The function of the breast wall in a hot blast stove is to separate and insulate the side-combustion chamber from the refractory checker chamber. The breast wall must be structurally sound to support the side-combustion chamber so as to maintain the refractory checkers free of lateral stress. In addition, the breast wall is required to be gas tight to prevent lateral leakage back and forth between the combustion chamber and the checker chamber.
Older designs of checkers utilized rather rugged thick sections for the checker cross section. This thick-section type of design necessarily reduced the overall area of refractory available in the checker chamber for heat transfer. However, the thick sections were deemed necessary to counteract the lateral forces directed on the checkers from the expansion of the breast wall when the hot blast stove was in the on-gas mode and combustion was taking place in the combustion chamber. The combustion produces heat which causes the face of the breast wall adjacent the combustion chamber to expand at a rate greater than the expansion of the opposite wall and the adjoining checker chamber. This expansion tends to produce a lateral crushing force on the checker brick in the checker chamber.
A further problem caused by the differential expansion of the breast wall develops from the fact that conventional breast walls are constructed of individual refractory shapes or brick. When the differential expansion takes place, the joints between these brick open up producing passageway through which hot gases can seep, thus derogating from the designed gas passage upwards through the combustion chamber to the dome, then downward through the checker chamber.
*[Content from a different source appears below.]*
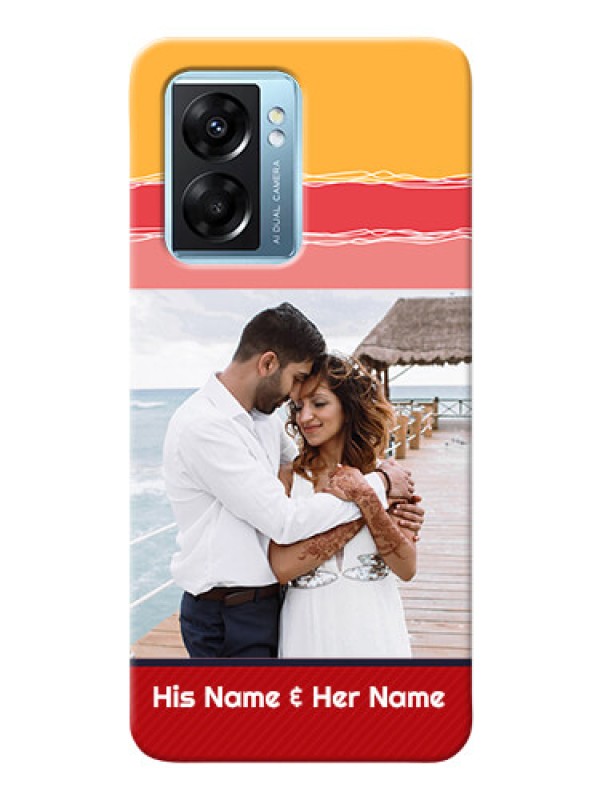 Custom Oppo K10 5G custom mobile phone covers: Colorful Case Design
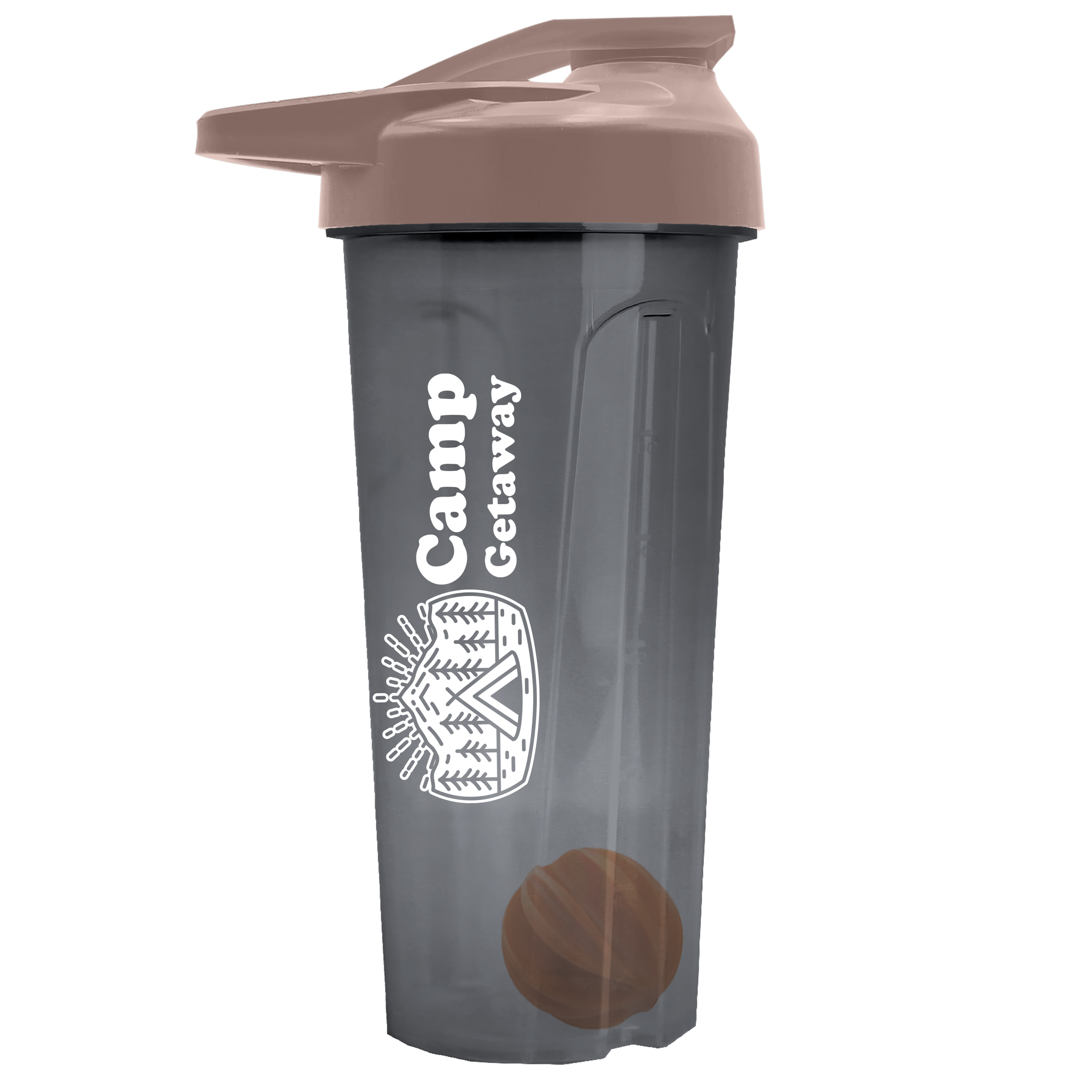Endurance Shaker Tumbler with Drink-Thru Lid and Mixing Ball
Such gas seepage provokes localized hot spots at random points in the checker chamber adjacent the breast wall. These hot spots create rapid deterioration of the checker brick at those points and also tend to produce uneven heating, thus unbalanced cooling stresses in the checker brick when the hot blast stove is switched to the on-blast mode and the combustion heat is regenerated. In addition, highly localized overheating can occur on the metallic support structures related to the checker chamber resulting in distortion and/or failure thereof.
The design of the checker chamber has progressed, in recent years, in the direction of greater efficiency of heat transfer. Theoretically, it is well known that the more surface area available to preheat the cold gas being drawn through those checkers, the higher the average heat of the hot blast output from the stove. If the hot blast from the stove can be maintained at a higher average temperature, i.e., less of an amount of cold blast being required in the mixture to produce a uniform temperature, then the more efficient can be the operation of the blast furnace to which the hotter blast is being fed.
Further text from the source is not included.